The copy you return should hold only the lines from the top of the data below through the line with "This is a brand", each duplicated exactly and with no pictures.

• [COLLECTED MATERIAL]
Content starts

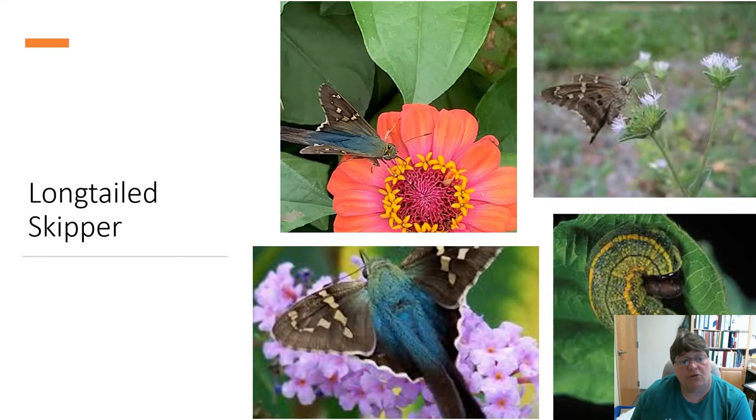Next one is the long-tailed skipper. These are really cute butterflies. They are actually blue and brownish-gray, but if you look at them from the side you can't see the blue part — you need to look at them from the top. Down here is the actual larva.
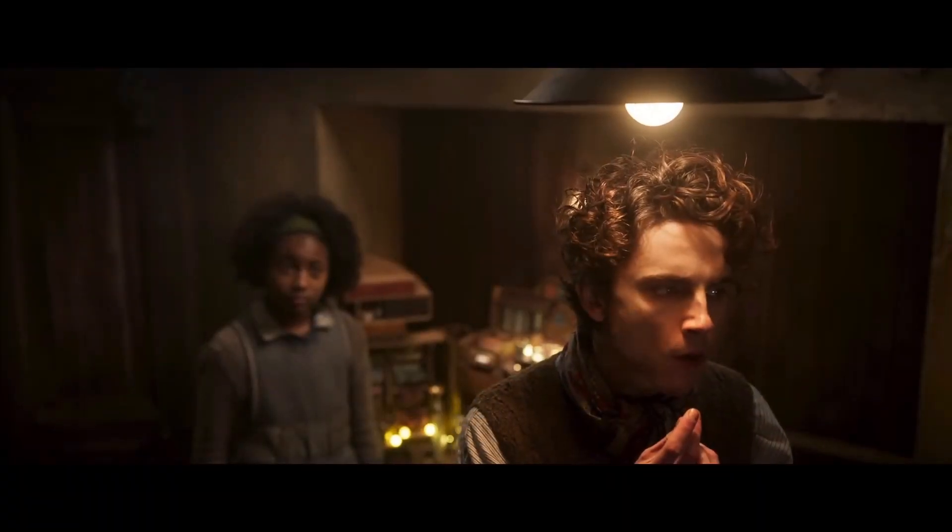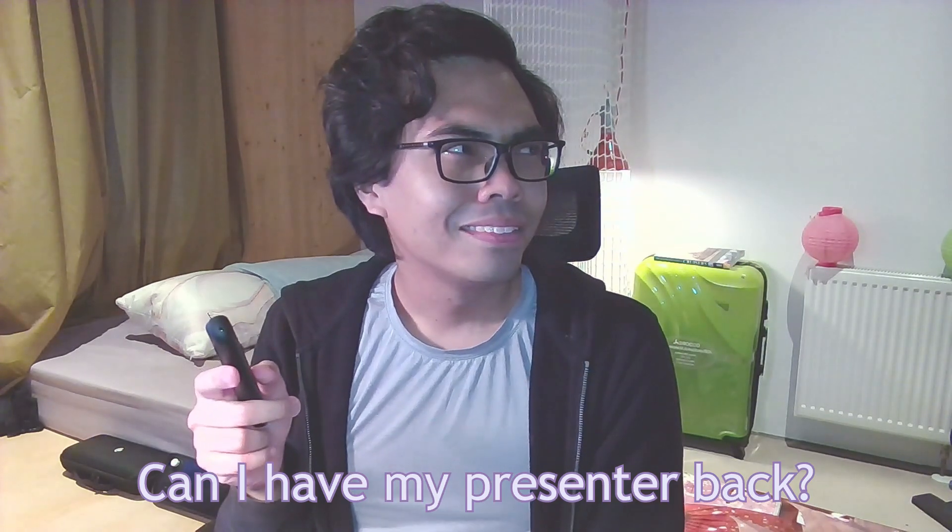By the way, this video is not sponsored. I don't even know what brand this presenter is from. I first borrowed then bought it from my friend to use for exam presentations, and then I didn't know what to do with it anymore. So I suddenly had a lightbulb moment and figured I could read visual novels with it — and what do you know, it works.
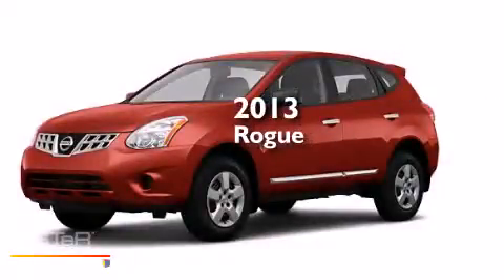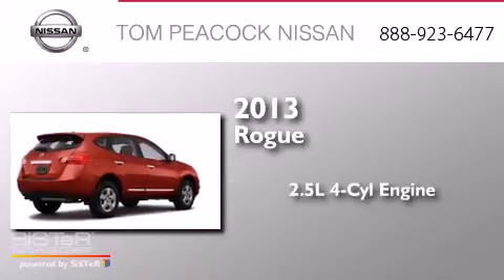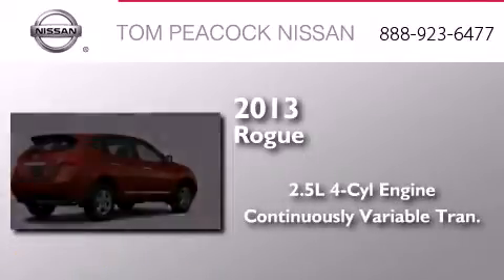This is a brand new 2013 Nissan Rogue. It has a 2.5-liter four-cylinder engine and a continuous variable transmission.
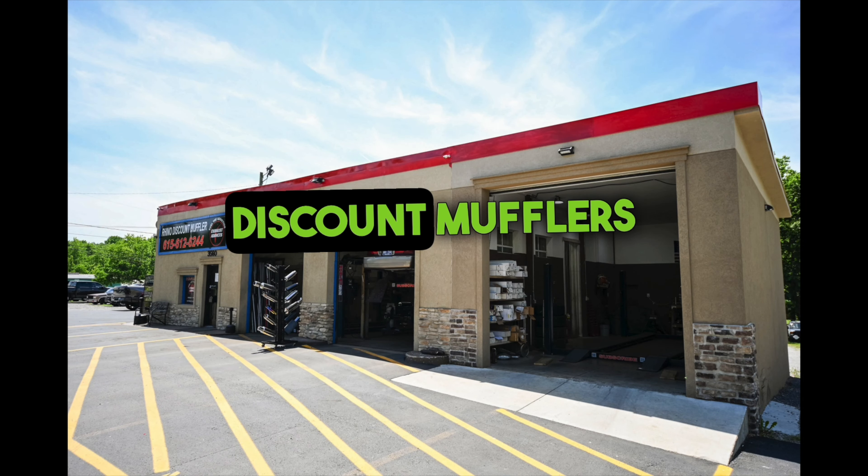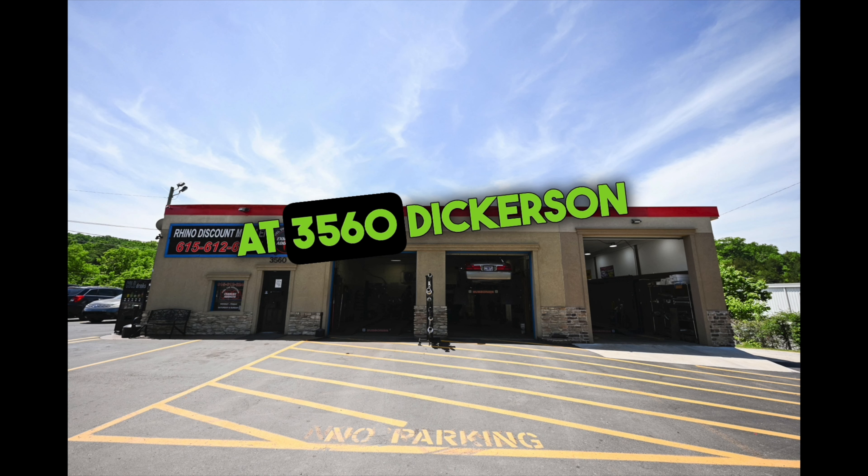Exhaust Attics is located at Discount Mufflers and Custom Exhaust at 3560 Dickerson Pike, Nashville, Tennessee. For questions, give us a call at 615-612-6244. We are open from Monday to Friday, 8:30 a.m. to 4:30 p.m. Central Time.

Content ends

• [OUTPUT OF THE TASK]
Next one is the long-tailed skipper. These are really cute butterflies. They are actually blue and brownish-gray, but if you look at them from the side you can't see the blue part — you need to look at them from the top. Down here is the actual larva.
By the way, this video is not sponsored. I don't even know what brand this presenter is from. I first borrowed then bought it from my friend to use for exam presentations, and then I didn't know what to do with it anymore. So I suddenly had a lightbulb moment and figured I could read visual novels with it — and what do you know, it works.
This is a brand new 2013 Nissan Rogue. It has a 2.5-liter four-cylinder engine and a continuous variable transmission.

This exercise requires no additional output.